Of course identity, authorisation and authorisation should make use of asymmetric encryption, however the industry has again been limited by the performance of microcontrollers. Nevertheless innovation in this space, led by process shrinkage and new architectures are enabling the delivery of new devices that enable simple implementation of critical capabilities, including speeding up cryptographic functions, wrapping of keys, and the provisioning of short term symmetric sessions and key agility to defeat sustained attacks.
While confidentiality of data is important the reality of many systems is that devices will still become compromised, and utility “trash-in, trash-out” is a truism of cryptography – if the data emanating from the device is incorrect then encryption of the data will not help. Thus it is critical to ensure that devices remain secure throughout their lifecycles.
To ensure integrity we have to think of trust across the life cycle of the device, how we create trust within the device, how we manage it across its lifetime, and ultimately how we destroy trust once we have finished with the device.
As with the secure manufacturing mentioned earlier it is critical that a device is secured from birth with a robust secure kernel combining secure boot mechanism that is inviolate with a robust key generation and management architecture. Only by absolutely guaranteeing the start-up criteria can we then make the attestations and measurements required to ensure we know the device is operating correctly and is uncompromised.
Once a device has been correctly instantiated we can then periodically HASH the device memory to provide levels of confidence that the device is operating within tolerance.
Unfortunately things change. We are all human, and as such errata are a real world component of every system we create.
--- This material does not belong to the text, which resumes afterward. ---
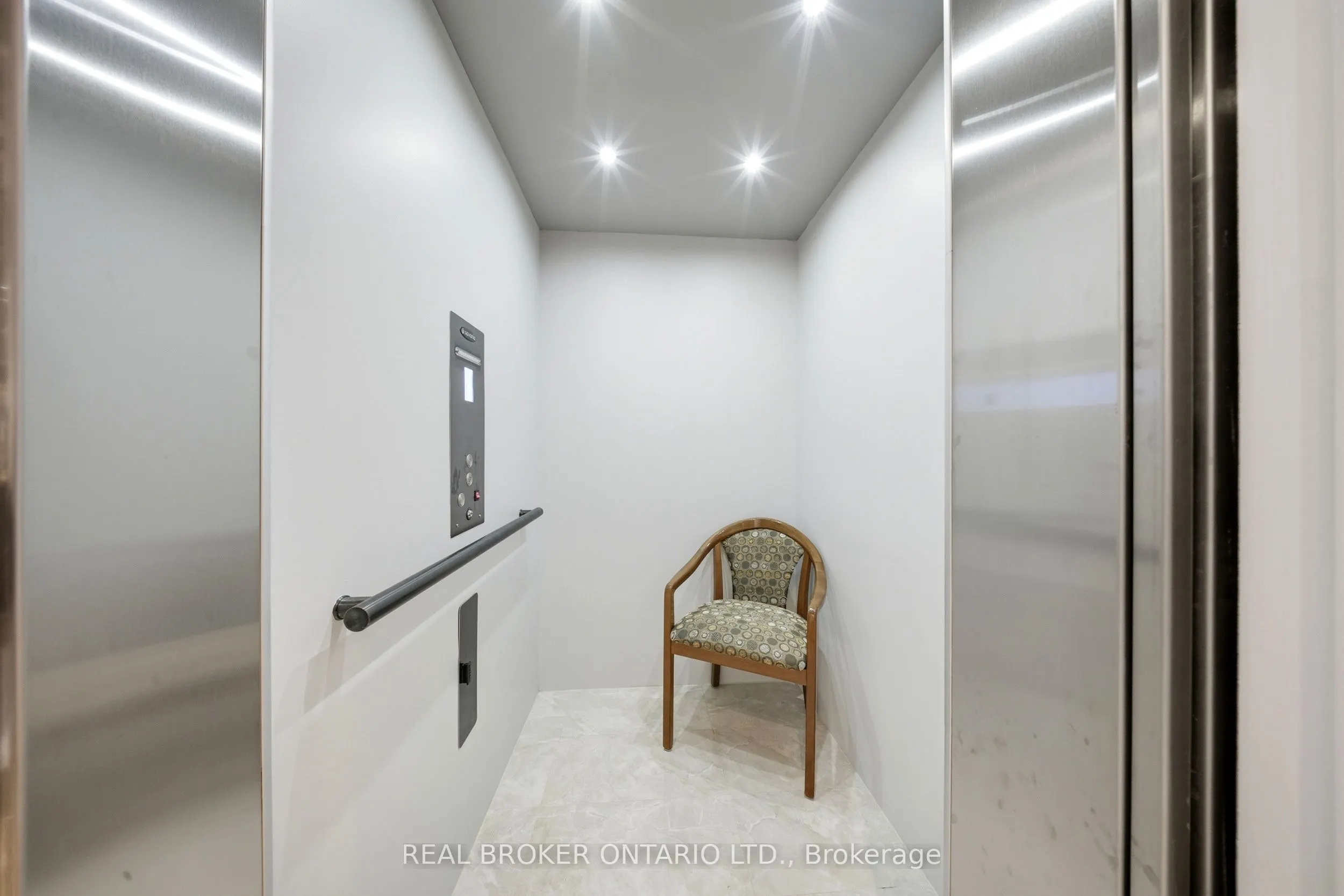 171 Gold Park Gate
The IoT is no different from this, and as such we should always design IoT devices in such a way as to enable remote updates of software, to ensure the next Heartbleed bug doesn’t require us to throw away devices or leave applications at risk of compromise within our homes and industry.
The challenge with remote updates is that these mechanisms instantly become the honeypot for aggressive attacks, as these enable the injection of new code into devices. Again these issues are well known in many industries and we have to leverage this knowledge across to ensure that all updates are aggressively protected using cryptographic identifiers linked to the specific keys, signatures or certificates within the devices.
The fundamentals of security for the IoT are not new, however we must be far more aggressive in applying the best practices developed in the automotive, industrial, and mobile applications to the nascent IoT domain. The IoT Security Foundation, in partnership with many leading companies is leading the charge in supporting best practice and creating a Secure Internet of Things.